Everything that you can use today to distinguish one human being from another - insofar as it is natural in its characteristics and insofar as it is something that we use to define people - was present in Shinar; it was present in the building of the tower. And the tower itself was such an offense to God that He struck - not the tower - but the people; He struck them at the point of their pride and at the point of their pride was that “they could do it together”. And so God touched them and He made them unable to communicate with one another, and when He made them unable to communicate with one another they began – physically, geographically – to pull apart from one another. In order to move away from each other, you have to move away from each other, it's kind of one of those, what do you call that? There's a name for that.

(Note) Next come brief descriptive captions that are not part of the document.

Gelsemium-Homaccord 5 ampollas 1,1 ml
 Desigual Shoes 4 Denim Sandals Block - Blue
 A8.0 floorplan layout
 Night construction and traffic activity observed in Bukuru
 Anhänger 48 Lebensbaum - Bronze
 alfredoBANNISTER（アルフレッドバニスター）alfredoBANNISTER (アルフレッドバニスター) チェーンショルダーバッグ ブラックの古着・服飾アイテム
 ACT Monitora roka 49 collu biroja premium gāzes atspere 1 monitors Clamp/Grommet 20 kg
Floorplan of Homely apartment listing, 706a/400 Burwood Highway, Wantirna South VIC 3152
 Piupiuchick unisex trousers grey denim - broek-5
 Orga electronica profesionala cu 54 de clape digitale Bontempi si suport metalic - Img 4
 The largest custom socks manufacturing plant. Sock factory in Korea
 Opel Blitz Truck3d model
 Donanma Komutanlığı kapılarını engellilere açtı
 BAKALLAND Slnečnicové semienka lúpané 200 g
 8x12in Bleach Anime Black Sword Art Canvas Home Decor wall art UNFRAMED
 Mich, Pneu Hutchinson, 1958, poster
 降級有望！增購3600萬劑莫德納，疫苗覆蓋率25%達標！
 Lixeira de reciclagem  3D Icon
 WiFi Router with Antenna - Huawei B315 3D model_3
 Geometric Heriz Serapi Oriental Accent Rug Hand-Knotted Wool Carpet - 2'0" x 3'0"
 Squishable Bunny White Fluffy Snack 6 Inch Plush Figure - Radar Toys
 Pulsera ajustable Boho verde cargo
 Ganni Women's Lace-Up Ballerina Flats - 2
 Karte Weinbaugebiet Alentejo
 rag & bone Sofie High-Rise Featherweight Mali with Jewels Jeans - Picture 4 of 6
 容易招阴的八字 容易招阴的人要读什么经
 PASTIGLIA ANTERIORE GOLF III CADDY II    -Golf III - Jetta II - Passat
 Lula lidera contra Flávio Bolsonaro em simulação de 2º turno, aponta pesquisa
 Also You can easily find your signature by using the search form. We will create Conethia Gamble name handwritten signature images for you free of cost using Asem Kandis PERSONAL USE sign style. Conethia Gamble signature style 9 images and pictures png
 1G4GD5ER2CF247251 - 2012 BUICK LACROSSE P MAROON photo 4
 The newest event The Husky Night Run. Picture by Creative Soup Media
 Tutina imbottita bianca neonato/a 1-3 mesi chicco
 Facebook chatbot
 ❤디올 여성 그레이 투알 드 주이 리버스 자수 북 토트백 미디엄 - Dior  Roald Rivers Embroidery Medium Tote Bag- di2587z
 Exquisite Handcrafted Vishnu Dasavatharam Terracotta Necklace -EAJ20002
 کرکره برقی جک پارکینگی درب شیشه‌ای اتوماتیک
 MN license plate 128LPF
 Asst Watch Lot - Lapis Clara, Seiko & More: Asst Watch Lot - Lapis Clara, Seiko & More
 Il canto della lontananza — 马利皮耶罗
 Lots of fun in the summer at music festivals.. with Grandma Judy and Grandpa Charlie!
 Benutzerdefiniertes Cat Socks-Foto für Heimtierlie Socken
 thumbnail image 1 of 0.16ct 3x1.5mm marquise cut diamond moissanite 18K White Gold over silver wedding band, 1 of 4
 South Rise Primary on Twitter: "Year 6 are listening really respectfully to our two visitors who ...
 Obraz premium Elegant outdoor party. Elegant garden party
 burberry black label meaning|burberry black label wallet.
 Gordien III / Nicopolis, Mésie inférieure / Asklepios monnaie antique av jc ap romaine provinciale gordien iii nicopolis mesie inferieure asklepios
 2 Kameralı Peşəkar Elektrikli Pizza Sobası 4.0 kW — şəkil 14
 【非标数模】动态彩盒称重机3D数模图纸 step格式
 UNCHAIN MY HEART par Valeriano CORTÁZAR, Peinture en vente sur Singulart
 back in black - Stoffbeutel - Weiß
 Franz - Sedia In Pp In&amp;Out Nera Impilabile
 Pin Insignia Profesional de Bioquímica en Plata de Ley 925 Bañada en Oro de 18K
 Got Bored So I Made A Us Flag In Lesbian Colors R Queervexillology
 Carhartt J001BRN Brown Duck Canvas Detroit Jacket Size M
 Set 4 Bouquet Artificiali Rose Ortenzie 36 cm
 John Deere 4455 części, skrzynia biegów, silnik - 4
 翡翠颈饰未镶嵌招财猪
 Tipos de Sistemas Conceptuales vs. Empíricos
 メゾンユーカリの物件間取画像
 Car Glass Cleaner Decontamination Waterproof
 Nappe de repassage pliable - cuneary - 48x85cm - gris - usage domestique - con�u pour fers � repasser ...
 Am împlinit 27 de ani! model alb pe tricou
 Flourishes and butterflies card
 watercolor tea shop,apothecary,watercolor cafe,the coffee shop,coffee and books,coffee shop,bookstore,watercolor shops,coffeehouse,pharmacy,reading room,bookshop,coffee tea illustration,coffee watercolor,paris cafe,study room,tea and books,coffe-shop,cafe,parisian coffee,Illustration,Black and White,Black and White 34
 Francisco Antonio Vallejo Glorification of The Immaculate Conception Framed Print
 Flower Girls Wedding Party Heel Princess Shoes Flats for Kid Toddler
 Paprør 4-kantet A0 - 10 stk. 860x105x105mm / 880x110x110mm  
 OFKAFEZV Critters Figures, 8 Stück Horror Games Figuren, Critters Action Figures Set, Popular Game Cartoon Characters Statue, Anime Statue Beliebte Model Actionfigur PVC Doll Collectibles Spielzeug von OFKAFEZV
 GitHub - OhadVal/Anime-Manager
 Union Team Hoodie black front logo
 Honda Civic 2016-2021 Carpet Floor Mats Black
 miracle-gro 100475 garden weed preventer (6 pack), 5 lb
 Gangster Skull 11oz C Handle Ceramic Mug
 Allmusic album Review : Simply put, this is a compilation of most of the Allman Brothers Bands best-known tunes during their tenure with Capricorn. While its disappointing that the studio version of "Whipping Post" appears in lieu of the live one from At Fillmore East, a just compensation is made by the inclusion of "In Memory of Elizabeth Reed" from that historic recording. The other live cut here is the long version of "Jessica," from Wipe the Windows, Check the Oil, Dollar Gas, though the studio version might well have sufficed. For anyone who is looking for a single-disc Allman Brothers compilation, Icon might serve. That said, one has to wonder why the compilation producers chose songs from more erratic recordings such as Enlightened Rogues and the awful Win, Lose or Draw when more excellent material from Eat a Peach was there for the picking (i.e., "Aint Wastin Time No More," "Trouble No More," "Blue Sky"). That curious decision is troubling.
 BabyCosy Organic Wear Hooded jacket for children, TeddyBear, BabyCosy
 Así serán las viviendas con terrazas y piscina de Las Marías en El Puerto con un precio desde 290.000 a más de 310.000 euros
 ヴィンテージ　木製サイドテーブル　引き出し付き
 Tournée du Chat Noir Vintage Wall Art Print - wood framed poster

It is what it is but it is a tautology of a sort that in order to do a thing, you have to do the thing. And so they began to not be together anymore and the only way to not be together is to spread out. Now God a long time ago had told them to, “Be fruitful and multiply and take care of the whole earth,” and they were all together, in one spot in Shinar. One people: tall and short, fat, thin, blonde and black headed, dark skinned, light skinned, red headed, blue eyed, grey eyed, green eyed, brown eyed – all together and in a sense, they didn't know the difference; they were a family, a single ethnos. But when God touched them at the point of communication they suddenly became suspicious of one another and the suspicions that they had that they directed at one another was such that, “You know what, we need to move apart a bit.” They didn't necessarily get together and talk about moving apart, they just moved. Sam mentioned yesterday the Pashtun; they are probably the dominant force both in Pakistan and in Afghanistan. And to the great extent that thing that's going on there with these political groups - Al-Qaida and Taliban – is that they exist among and under the protection of the Pashtun in one place, do you think they wouldn't be under the protection of the Pashtun in another place? We're trying to fight a war in one country that extends to a racial, ethnic phenomenon that crosses national boundaries. This is a hard kind of war to fight; this is a 'Babel'. Now I'm not against the war, that's not the point, the point is that man keeps trying to solve the problem of man, and we are the problem! You're not going to fix this sick thing by giving it an injection of its own serum, it won't work, it cannot work.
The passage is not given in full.